This week’s crockpot creation is from Shannon of Shannon’s Kitchen Creations. It only takes 5 minutes to put together chicken enchilada casserole together in the crockpot. Dinner is served when you walk in the door ~ just add your favorite toppings (salsa, sour cream, guacamole) and dig in!
- 1 cup salsa verde or 1 (7 ounce) jar of tomatillo sauce
- 1 cup fat free sour cream or plain Greek Yogurt
- 1 garlic clove, minced
- 1/3 cup chopped fresh cilantro
- 8 Mission Extra Thin Corn Tortillas
- 2 cups cooked, shredded chicken
- 1 cup reduced fat grated cheddar cheese
1. Mix cilantro, salsa, Greek Yogurt and garlic in a bowl.
2. Spray crockpot with non-stick cooking spray. Place 2 or 3 tortillas in the bottom of the crock pot. (overlapping as much as possible, you can cut them to fit if necessary)
3. Spoon 1/4 of the salsa mixture over the tortillas.
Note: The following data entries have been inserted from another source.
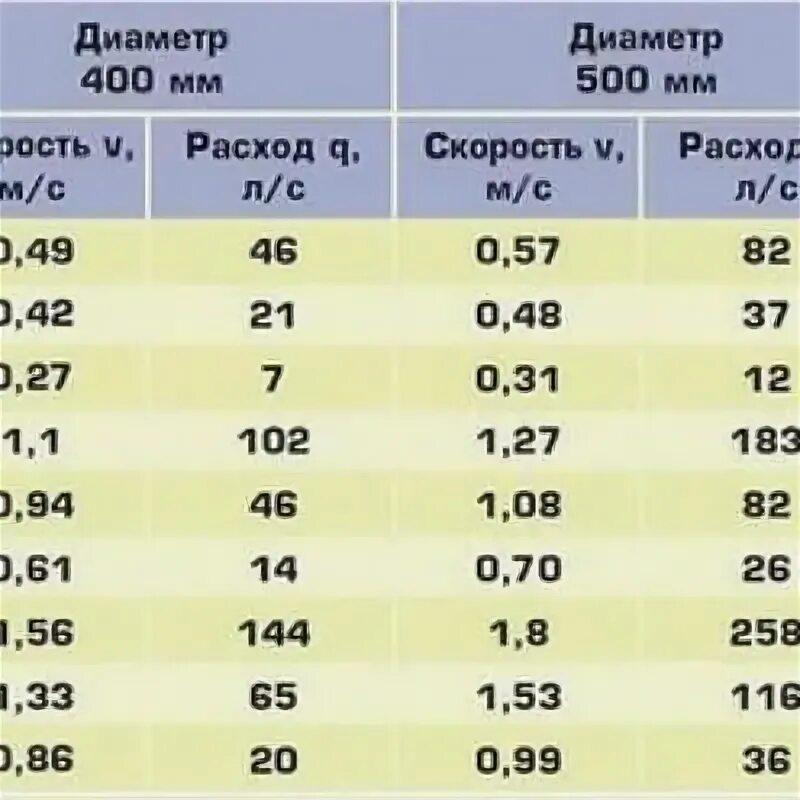 Наклон канализационной трубы 110. Уклон 110 трубы для ливневой канализации. Уклон дренажных труб 1/300. Калькулятор уклона канализационных труб. Калькулятор уклона канализационных труб.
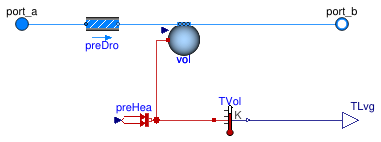 Buildings.Fluid.HeatExchangers.CoolingTowers.BaseClasses.CoolingTower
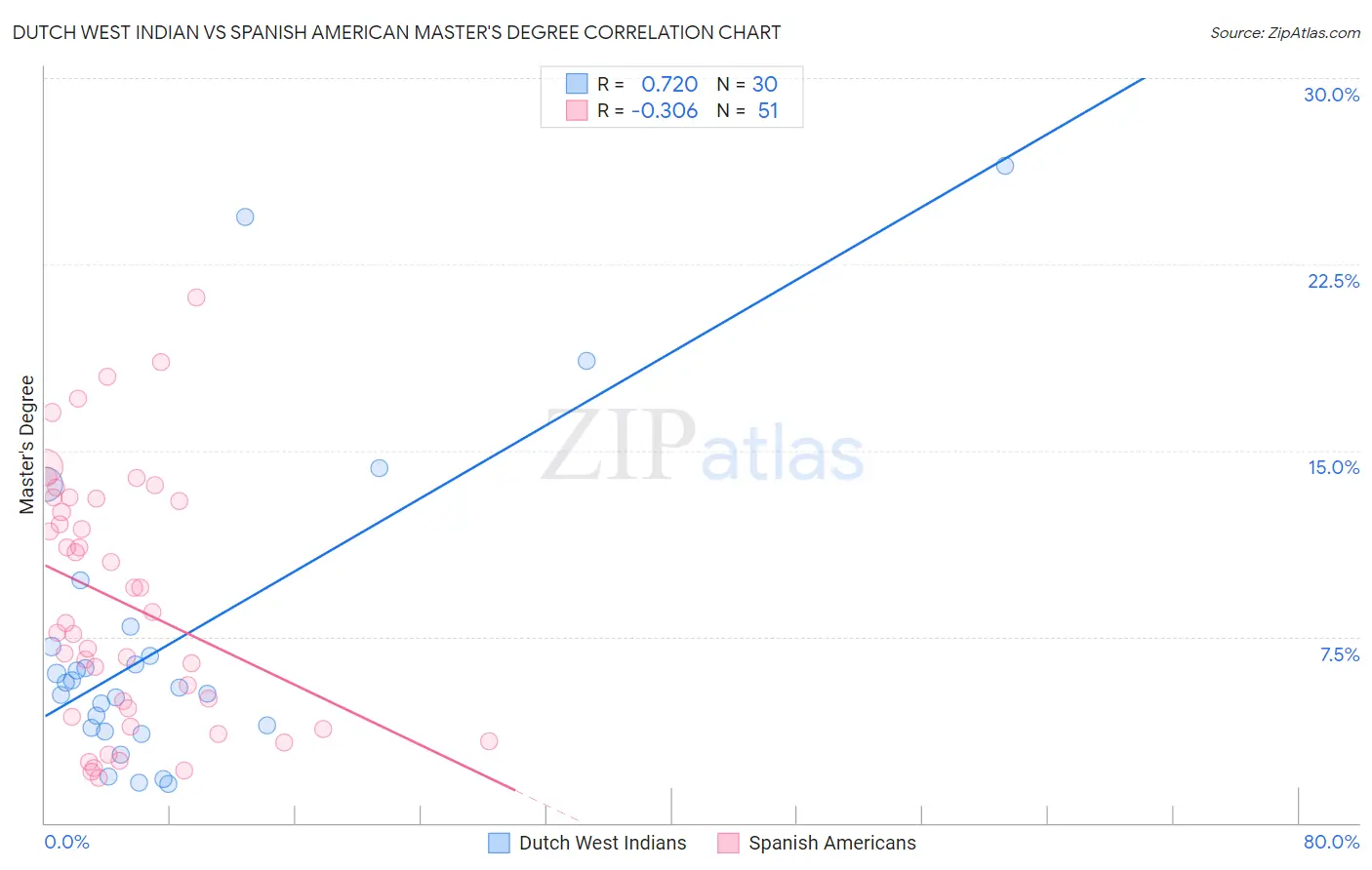 Dutch West Indian vs Spanish American Master's Degree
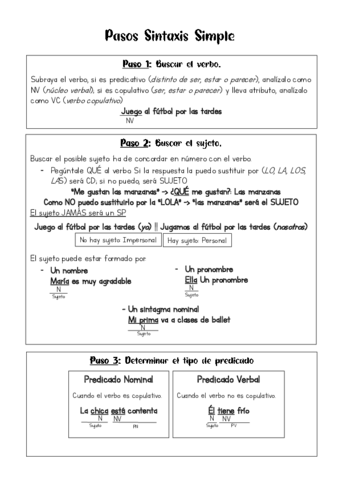 Pasos-Sintaxis-Simple.pdf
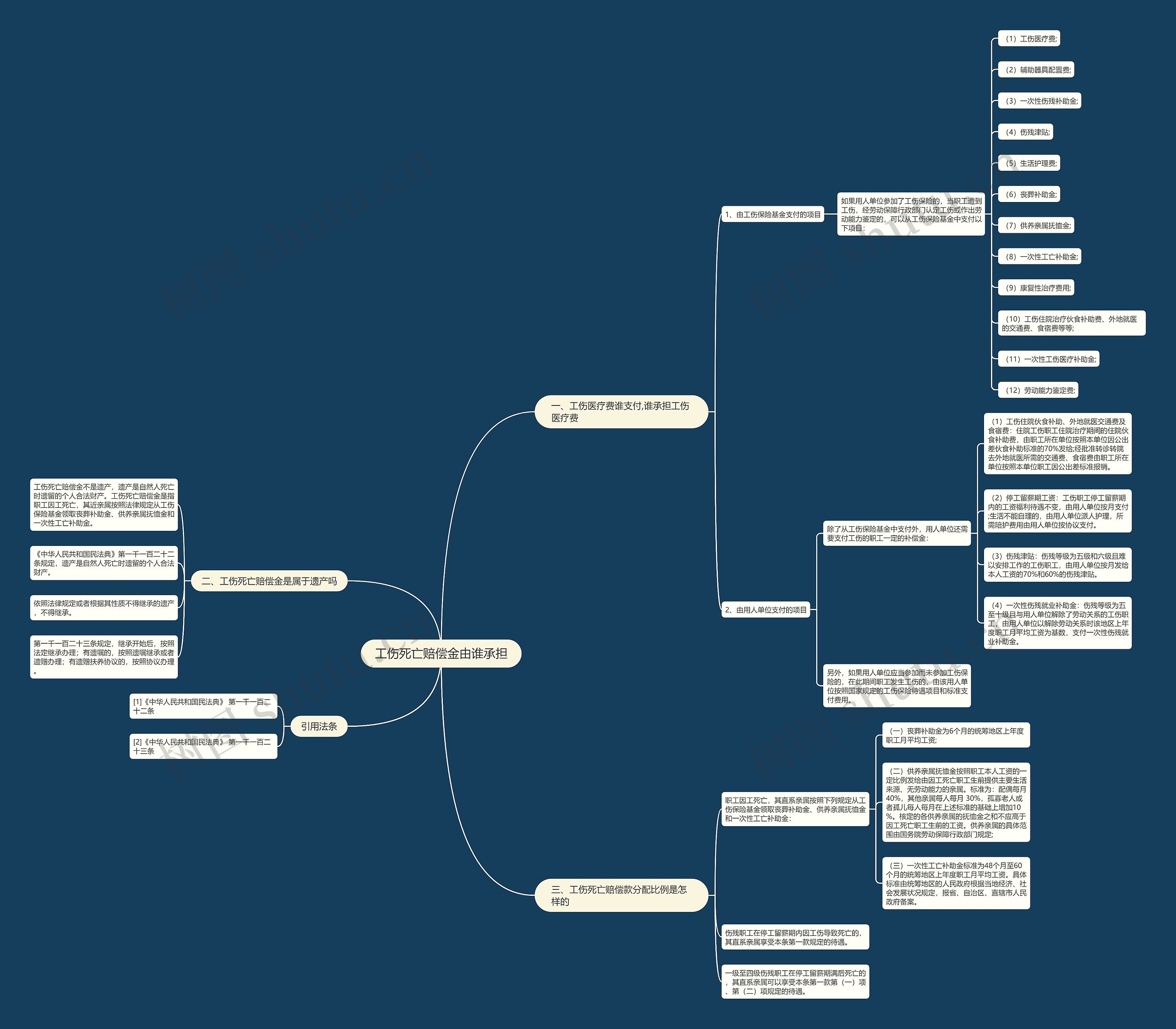 工伤死亡赔偿金由谁承担 工伤死亡赔偿金由谁承担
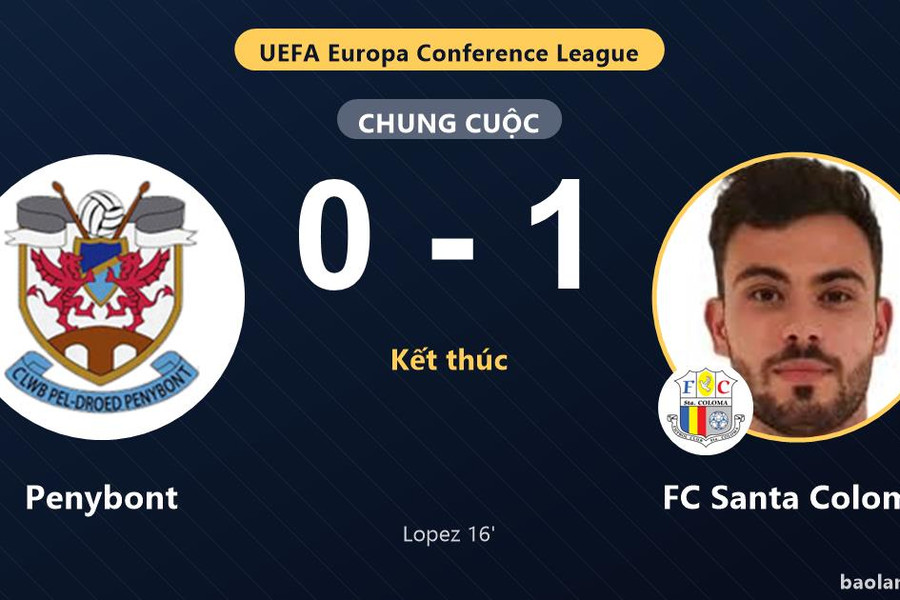 Penybont thua ngược Santa Coloma ngay trên sân nhà
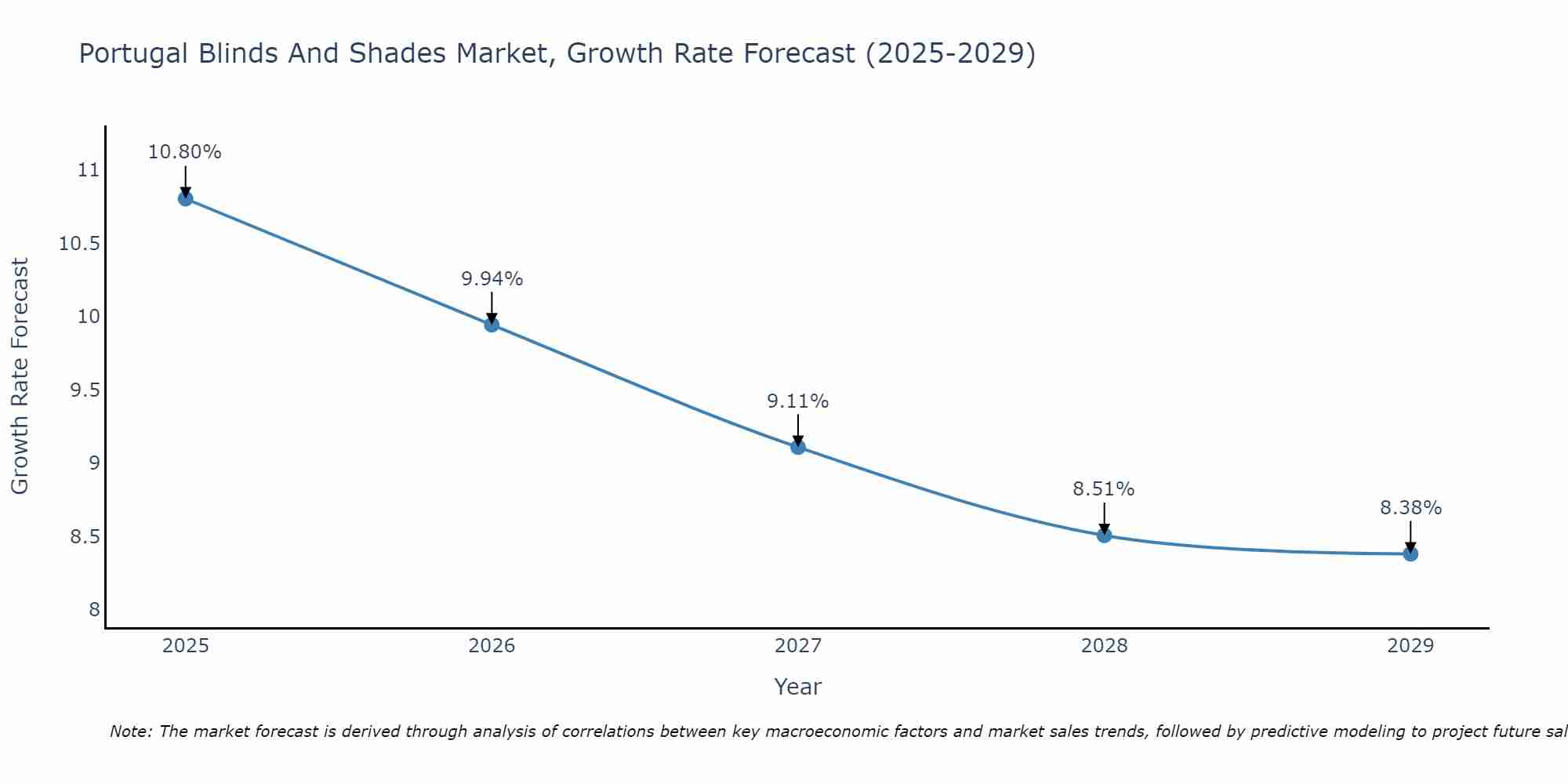 Portugal Blinds And Shades Market Growth Rate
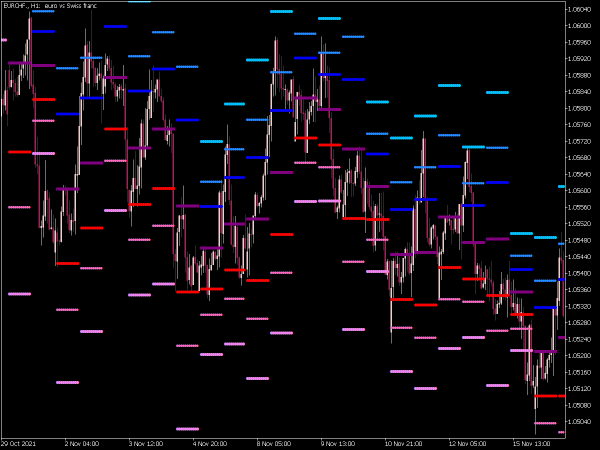 pivot-fibs-custom-arr-mt5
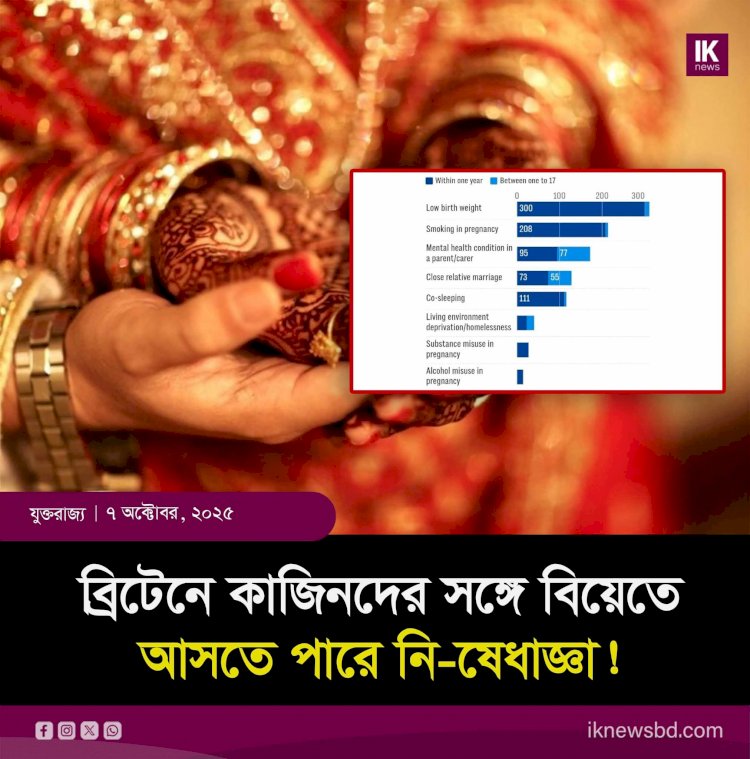 ব্রিটেনে কাজিনদের সঙ্গে বিয়েতে শি-শুমৃ-ত্যু বেড়েছে—আসতে পারে নি-ষেধাজ্ঞা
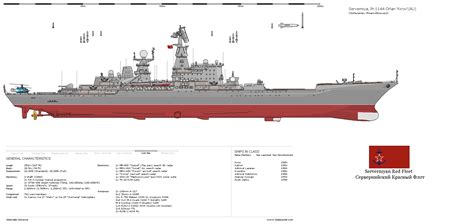 Kirov Class Battlecruiser Au By Phoenixmoscva13 On Deviantart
Spread 1/2 chicken over the mixture and cover evenly with 1/4 cup of cheese.
4. Top with 2 or 3 more tortillas and spoon 1/4 of salsa mixture, remainder of chicken and 1/4 cup of cheese.
5. Place last 2 or 3 tortillas over the second layer and top with the rest of the salsa mixture and the remainder of the cheese.
6. Cover and cook on low for 4 hours.